Many more are expected to return to their original areas ahead of a historic 2011 referendum that will give the South the choice of unity with the North or full independence.
Basic services under pressure
The influx has put an extra burden upon the authorities, already struggling to provide basic services to the population.
Much of the work to help those newly returned to Sudan has therefore fallen on the host communities.
A recent report by the Humanitarian Policy Group, part of the Overseas Development Institute (ODI) think-tank, warned it was adding extra pressure on a region already struggling to develop after years of war.
"Additional stress is accumulating on what is already a deeply fragile and uncertain peace agreement," the September report warned. "The obligation to focus more effectively on supporting the determinants for successful return, reintegration and recovery has never been higher."
The IOM estimated that some 60 percent of families are headed by single women, while 59 percent of the returnees are children aged five to 17.

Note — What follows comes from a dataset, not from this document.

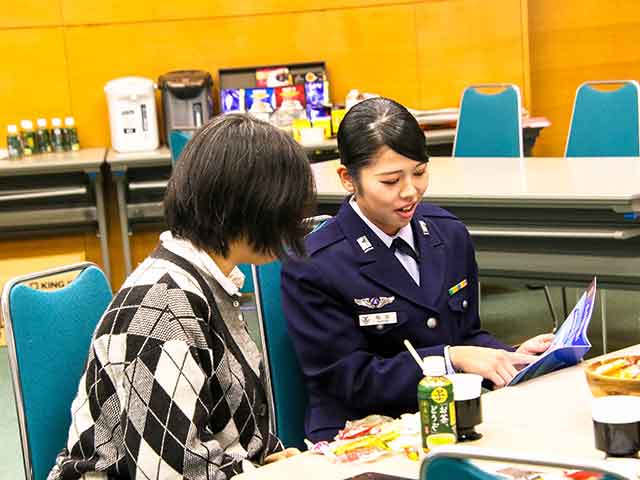１day女性だけの募集案内所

"We sell bags of charcoal and firewood, because we haven't got enough to eat," said one woman by the side of the road. "The crops we have planted will not be enough this year: it was too hard clearing the land in time," she added.
While many were supported in their return, others came back on their own - posing "enormous challenges" for the authorities and international agencies that hope to support them, according to the IOM.
It is running a "tracking project", aimed to provide detailed understanding of people's needs.
Meeting the challenge
Government authorities are also working to support the returnees, but it is a giant task - a fact Southern President Salva Kiir readily acknowledges.
"We need to do more," Kiir told political leaders in Juba earlier this month, "particularly in women's and children's health, combating poverty, provision of basic services - primary education, primary health [and] clean drinking water."
If basic shortages of services are tackled, experts say there is good reason for optimism - with many of those returning bringing fresh ideas, enthusiasm and skills learnt from outside.
"The potential is tremendous," the ODI added. "Returnees and residents have many ideas and are keen to be involved in the rebuilding of Southern Sudan."
But many returnees have not moved back to their original homes - remote areas often without basic services. Instead, they are choosing rapidly growing urban areas, such as Juba.
Many call for support to develop businesses, micro-credit schemes or vocational training.
"I don't want to go back to the countryside, to herd cattle," said 29-year-old Joseph Deng, who works as a part-time labourer after returning from 15 years in the Ugandan capital, Kampala. "I want to set up a mechanic's business, but I need money and some training."
Others, however, are more bitter. "We thought that when we come back we would have schools and jobs," said Mary Agok, who spent the war in a camp outside the Northern capital Khartoum.
The Southern leadership meanwhile asks for more time, but says it can deliver.
"The expectations of our people are high," Kiir said in a recent speech, highlighting the improvements the South has made since the end of the war. "But I am confident that with the level of progress I am seeing today, we will be able to live up to their expectations."
Many are also concerned about insecurity in a region where automatic rifles are plentiful and cheap.
"Raiders came and took two of our children, but we gave chase and got them back," Tombek said.
"While there is enough stability in the country to allow significant levels of return, persistent insecurity in a number of areas means that many people are not free to choose where to settle, and many more are delaying their return," the ODI report added.